Тело графа содрогнулось – он достиг пика, из груди его вырвалось рычание. Выгнув спину, он зарылся лицом в вырез платья Марго, исступленно сжимая ее в объятиях. Она почувствовала, как внутри ее огненная змея разворачивает свои кольца, наполняя тело блаженством, как вдруг с громовым треском, от которого задрожали стены, стул под ними развалился.

Они рухнули вниз, на груду золоченых обломков, и Марго громко расхохоталась. Арлингтон ошеломленно замер, глядя на нее, потом, оправившись от потрясения, тоже зашелся смехом.

Мягко отстранив графиню, он вытер выступившие на глазах слезы. Затем поднялся на ноги, стряхивая с себя куски дерева. Марго села на полу, пытаясь выровнять дыхание и подавить досаду. Она была так близка к вершине…

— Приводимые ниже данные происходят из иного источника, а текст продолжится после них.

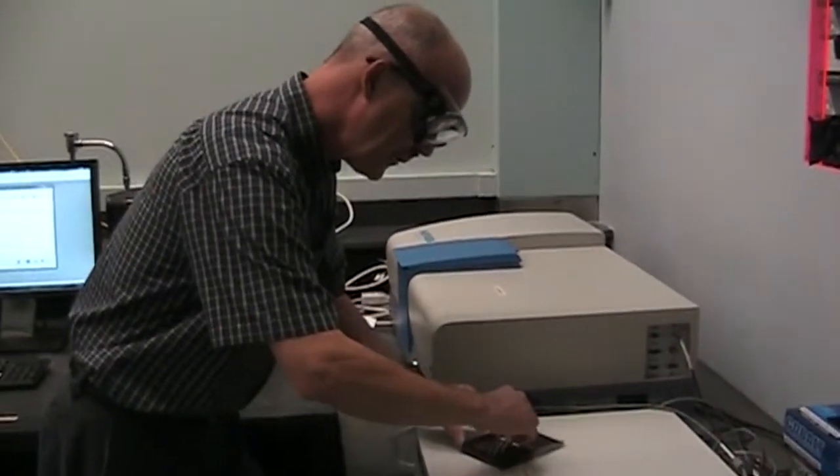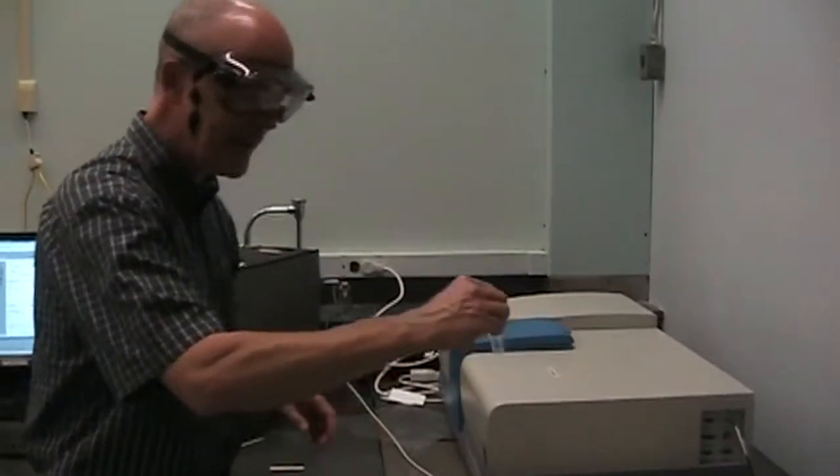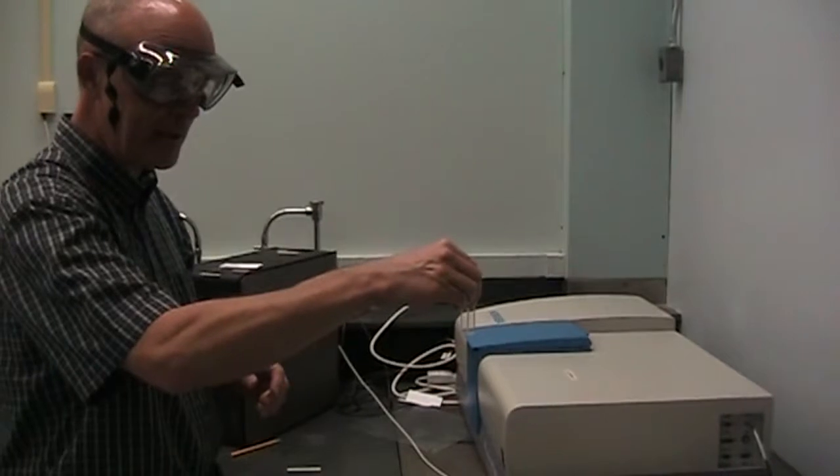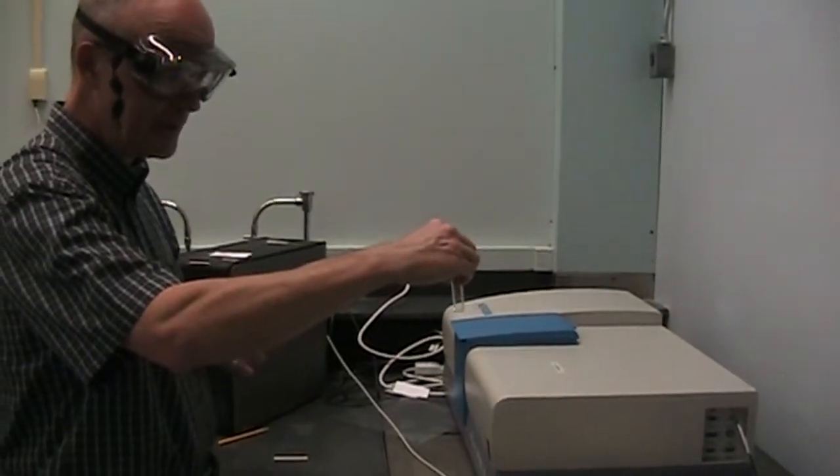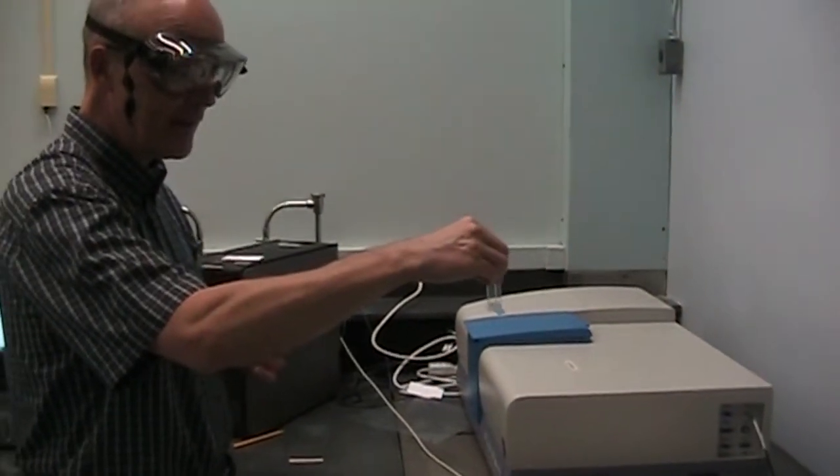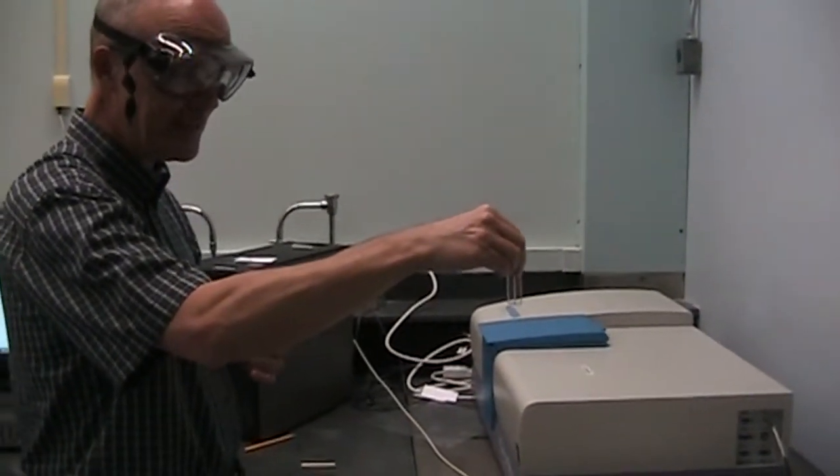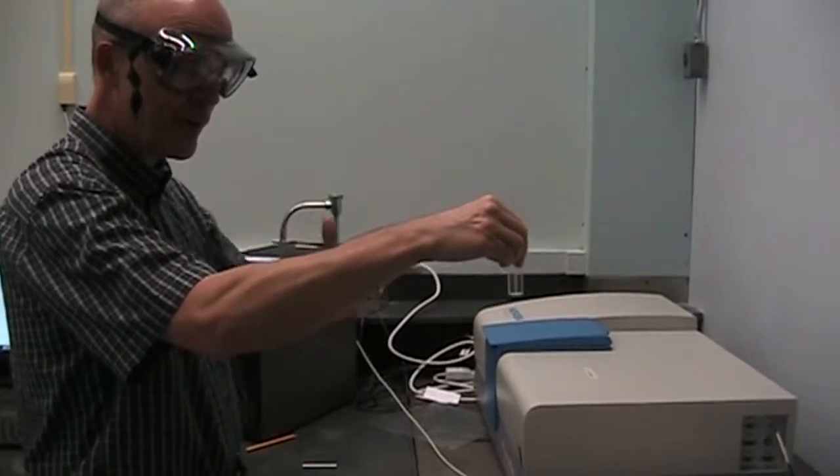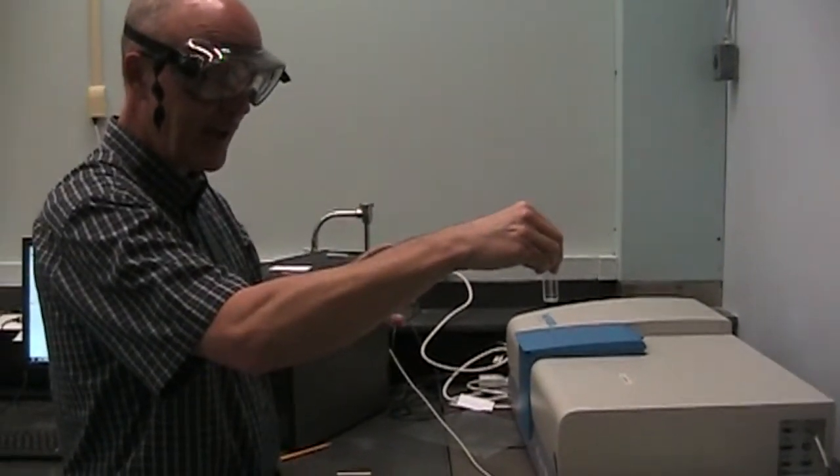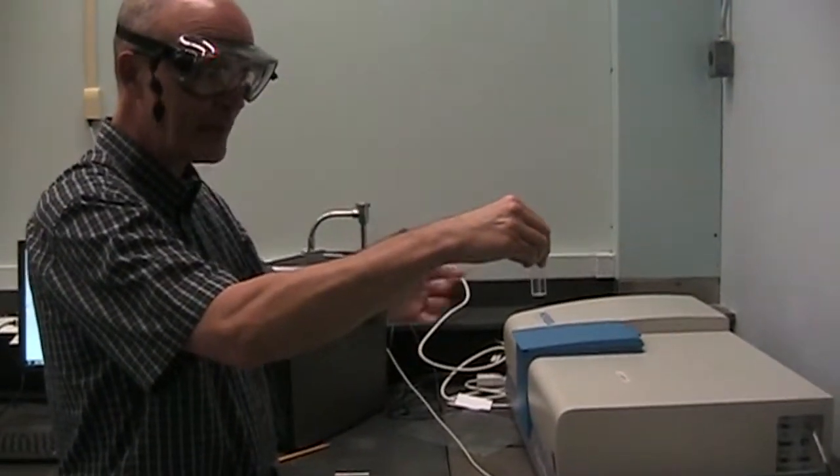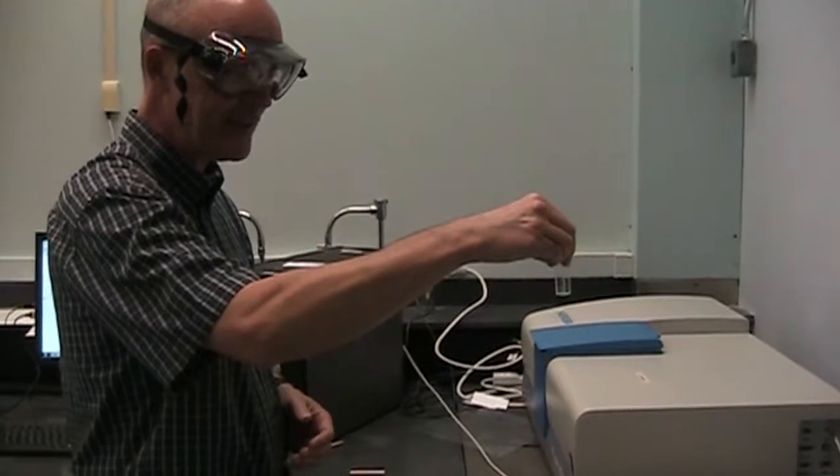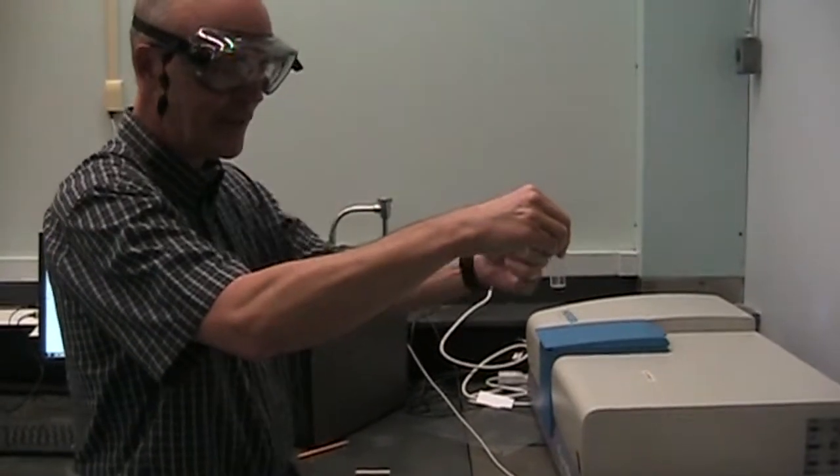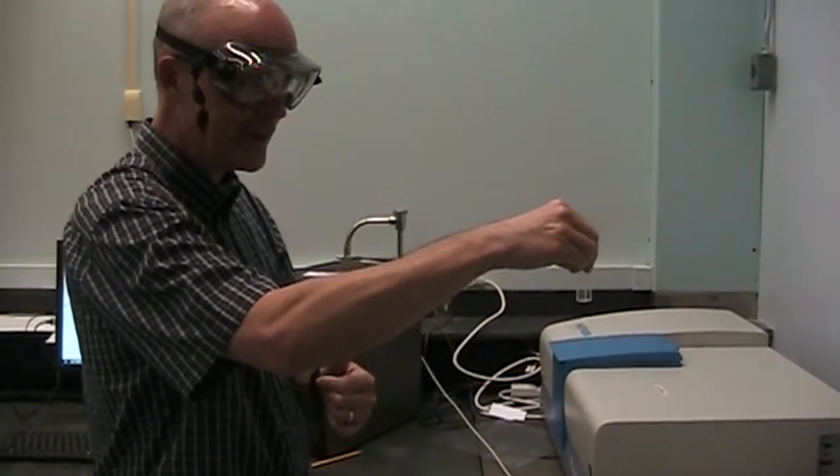So the sample gets contained in a cuvette much like we would use in an ultraviolet-visible absorbance instrument. The difference here that you may be able to see is it has four clear sides. Four optically clear polished sides. Light can go through very efficiently in any direction.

Арлингтон отряхнул сюртук от пыли и щепок, застегнул пуговицы на бриджах и поправил манжеты. Потом ловко разгладил складки на плечах и вновь превратился в безукоризненного джентльмена. Глядя на него, никто бы не заподозрил, что совсем недавно этот мужчина предавался похоти, словно сладострастный сатир.

Граф наклонился и помог Марго встать, одним мощным движением поставив ее на ноги. Он был сильнее, чем казалось. Под изящным тонким шелком скрывался прочный тяжелый габардин.

Марго улыбнулась, отряхивая юбки. Какие еще сюрпризы таил в себе этот мужчина? Она ожидала от него изысканной утонченности, нежности и благоговения, а не грубой животной страсти. Арлингтон оказался великолепен.